Judy had decided she would return to work – but not full-time – just part-time. She was advertising locally for a child-minder for three days a week. This would allow her to be hands on with Jake for most of the time.
A fortnight later whilst having breakfast John asked, “Have you decided yet which of the two you want to look after Jake?”
Judy had whittled it down to two possibilities: Mary Canns had a glowing reference from the previous family she had been with but had no formal qualifications. She had worked for her employers for twelve years, until her services were no longer required. However, June Jarvis, who was just 21, had a qualification in child care with distinction and brilliant references from all her main tutors.

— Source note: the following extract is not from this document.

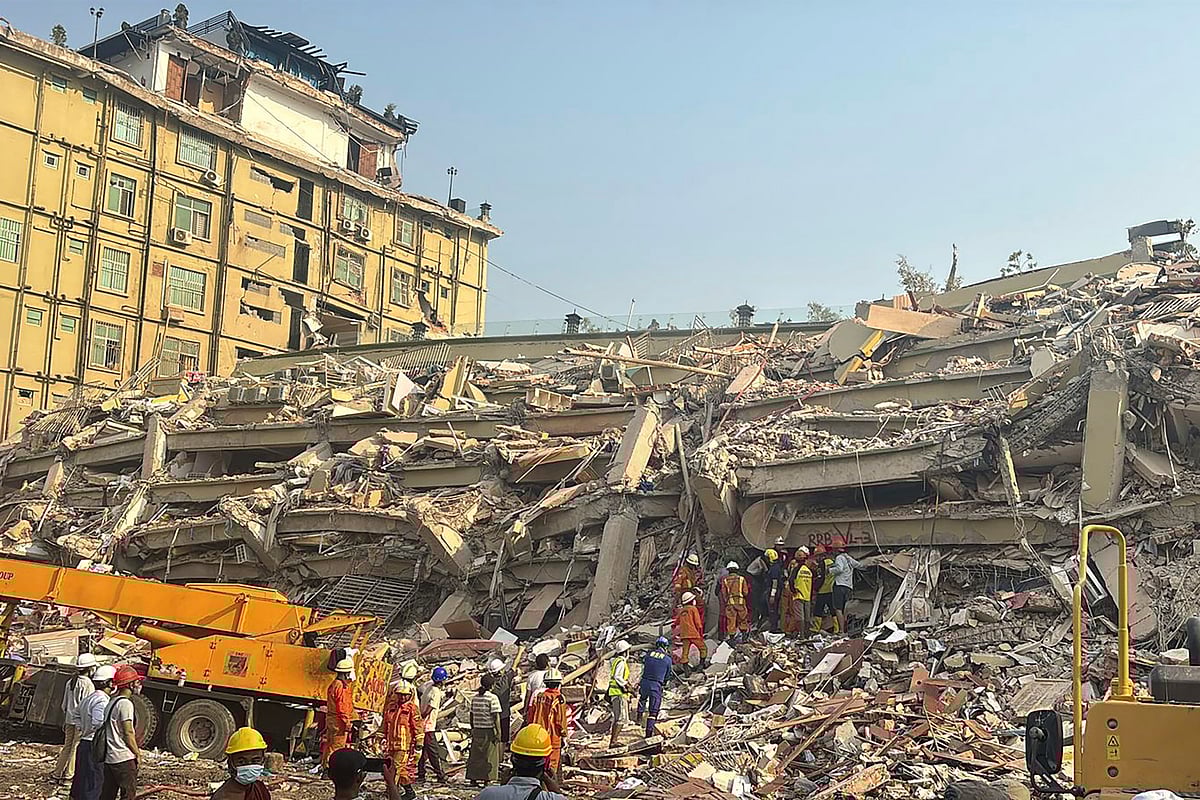 AP Photo/Thein Zaw : Rescuers work at the Sky Villa Condo that collapsed In Friday's earthquake in Mandalay, Myanmar, Sunday, March 30, 2025.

“I think I’m going to go with youth. Plenty of energy and enthusiasm! June Jarvis has a first class qualification and good references from her teachers.”
Judy’s doorbell rang. “Hi there June, you’re good and early. I’ve fed Jake. Here’s a list to help you get through the day. Ok!”
Driving to work Judy thought how June was immaculately dressed. All that make-up and those painted nails. She thought, ‘Not conducive to diaper changing and child puke.’
When she got in to the work’s car park she phoned her friend Mavis. “Mave, would you mind just looking in at my place today, to see how things are going with Jake and his child-minder?”
“Sure – I’ll get back to you and let you know.”
In the afternoon, when Mavis arrived and let herself in, she was met by baby Jake screaming his head off. She looked round but could see no baby-minder. She checked Jake over and had to change his diaper – but still no appearance of June.
She looked out through the window and spotted June in the backyard smoking a fag with one hand and looking with admiration at her varnished nails on the other.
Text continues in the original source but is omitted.